Here is the task for the records below: repeat exactly the lines from the one with "Erkeğini seksi kıyafetler giyip kudurttu" to the one with "Appartement, 77 m²", both included, and nothing else.

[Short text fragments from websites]
● ● ●

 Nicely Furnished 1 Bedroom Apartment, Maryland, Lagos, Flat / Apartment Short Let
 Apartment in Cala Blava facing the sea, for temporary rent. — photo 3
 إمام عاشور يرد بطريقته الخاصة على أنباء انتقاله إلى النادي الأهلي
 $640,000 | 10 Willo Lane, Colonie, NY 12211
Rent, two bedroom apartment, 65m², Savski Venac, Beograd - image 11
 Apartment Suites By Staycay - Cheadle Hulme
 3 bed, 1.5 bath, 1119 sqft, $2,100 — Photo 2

● ● ●

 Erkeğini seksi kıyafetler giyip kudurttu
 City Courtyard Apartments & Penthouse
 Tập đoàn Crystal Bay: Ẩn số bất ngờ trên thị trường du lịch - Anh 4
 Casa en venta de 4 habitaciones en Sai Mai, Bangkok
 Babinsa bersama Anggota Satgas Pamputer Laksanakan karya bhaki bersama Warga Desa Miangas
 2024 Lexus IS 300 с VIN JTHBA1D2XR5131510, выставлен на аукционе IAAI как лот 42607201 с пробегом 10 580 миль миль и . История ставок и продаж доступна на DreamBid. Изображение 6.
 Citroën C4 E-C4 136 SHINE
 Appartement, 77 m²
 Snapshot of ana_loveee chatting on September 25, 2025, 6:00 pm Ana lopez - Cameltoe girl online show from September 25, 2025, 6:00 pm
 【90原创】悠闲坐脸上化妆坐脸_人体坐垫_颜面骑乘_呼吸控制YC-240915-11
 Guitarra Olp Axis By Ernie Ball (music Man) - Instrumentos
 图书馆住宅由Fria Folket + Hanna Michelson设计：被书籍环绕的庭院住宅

● ● ●

• Task output:
 Erkeğini seksi kıyafetler giyip kudurttu
 City Courtyard Apartments & Penthouse
 Tập đoàn Crystal Bay: Ẩn số bất ngờ trên thị trường du lịch - Anh 4
 Casa en venta de 4 habitaciones en Sai Mai, Bangkok
 Babinsa bersama Anggota Satgas Pamputer Laksanakan karya bhaki bersama Warga Desa Miangas
 2024 Lexus IS 300 с VIN JTHBA1D2XR5131510, выставлен на аукционе IAAI как лот 42607201 с пробегом 10 580 миль миль и . История ставок и продаж доступна на DreamBid. Изображение 6.
 Citroën C4 E-C4 136 SHINE
 Appartement, 77 m²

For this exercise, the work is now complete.